La petite histoire des mots
Tabou & Bluff

Selon nombre d’analystes, le président russe Vladimir Poutine a une nouvelle fois brisé un « tabou militaire » en brandissant la menace d’un recours aux armes nucléaires, et en affirmant que cette menace n’était pas un « bluff ».
Voilà qui nous amène d’abord au mot « tabou » qui, dans le cas présent, désigne une interdiction ayant caractère universel, voire sacré et dont la transgression est de nature à entraîner un châtiment. Ce mot est d’origine polynésienne. Il a été « importé » en Europe par le navigateur et explorateur britannique James Cook après son premier tour du monde, au cours duquel il fit escale à Tahiti, en avril 1769. On retrouve d’ailleurs le mot « tabou » dans toutes les langues de la Polynésie, sous la forme « tapu » ou « kapu » à propos d’interdits ou de comportements sacrés touchant les ancêtres, les relations sexuelles avec les femmes ou le respect du chef, et désignant ce que les profanes ne peuvent toucher sans commettre un sacrilège. En tahitien, notamment, le contraire de tabou se dit « noa », un terme qui définit ce qui est ordinaire et accessible à tous. Le polynésien « tapu » se transforma en « taboo », une fois adopté par la langue de Shakespeare, à la fin de XVIIIe siècle, puis en « tabou » lorsqu’il fut emprunté par celle de Molière, une ou deux décennies plus tard.
Dans la France laïque de la fin du XIXe siècle, le tabou devint synonyme de péché profane. Le mot fut défini par certains auteurs comme une « prohibition morale », issue des principes judéo-chrétiens. Au XXe siècle l’usage du terme « tabou » dans le langage commun finit par désigner aussi tous les sujets susceptibles de provoquer un certain malaise, même auprès d’une seule personne, et qu’il convient donc d’éviter.
Le mot « bluff », quant à lui, dans le sens d’une action visant à tromper son adversaire lors d’une partie de carte, fit son apparition en français vers le milieu du XIXe siècle, emprunté à l’anglais qui l’aurait lui-même piqué au néerlandais « bluffen » qui signifie « fanfaronner ». Le « bluff » consiste à faire croire qu’on a un jeu meilleur que celui qu’on a en réalité pour contraindre l’adversaire à l’abandon.

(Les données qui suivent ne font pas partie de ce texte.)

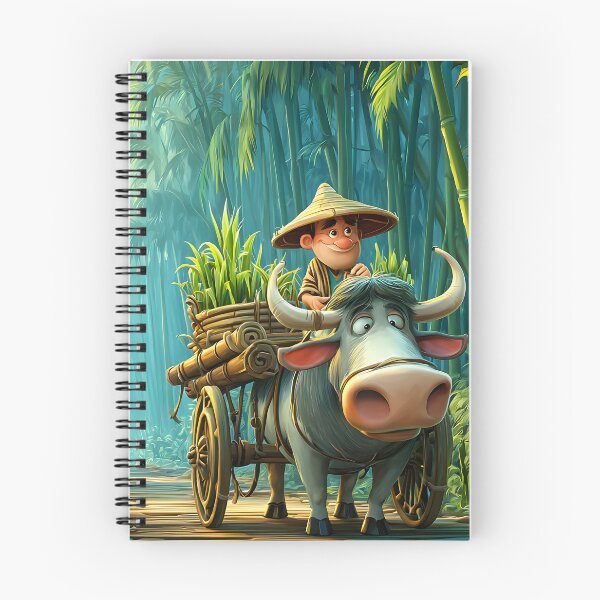 Item preview, Young Farmer Riding a Water Buffalo in a Bamboo Grove designed and sold by Artessie.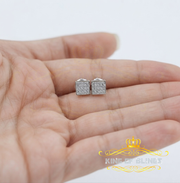 King Of Bling's 0.05ct Micro Pave 925 White Silver Diamond Square Earring For Men's & Women's KING OF BLINGS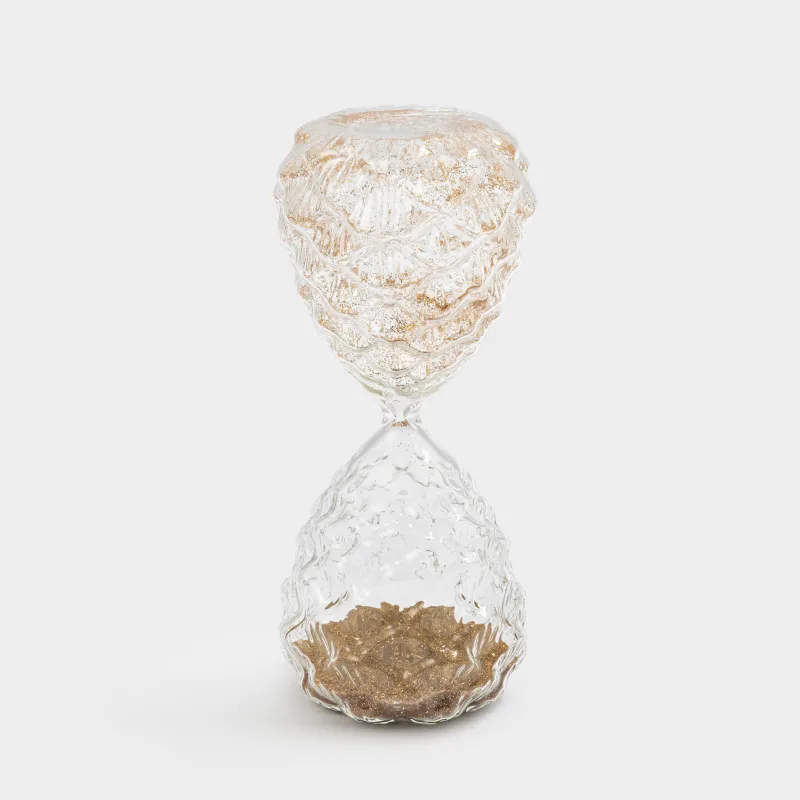 Часы песочные, 15 см, 3 минуты, с блестками внутри, стекло Б/песок, Шишки, Sand time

Il existe deux types de bluff : celui, psychologique, appelé « slowpay » par les joueurs de poker qui consiste à induire les adversaires en erreur et les pousser à la faute, et un bluff « rationnel » qui repose sur un comportement volontairement incompréhensible, pour entretenir l’incertitude chez ses adversaires et les empêcher de comprendre ses intentions. C’est manifestement celui suivi par le président russe.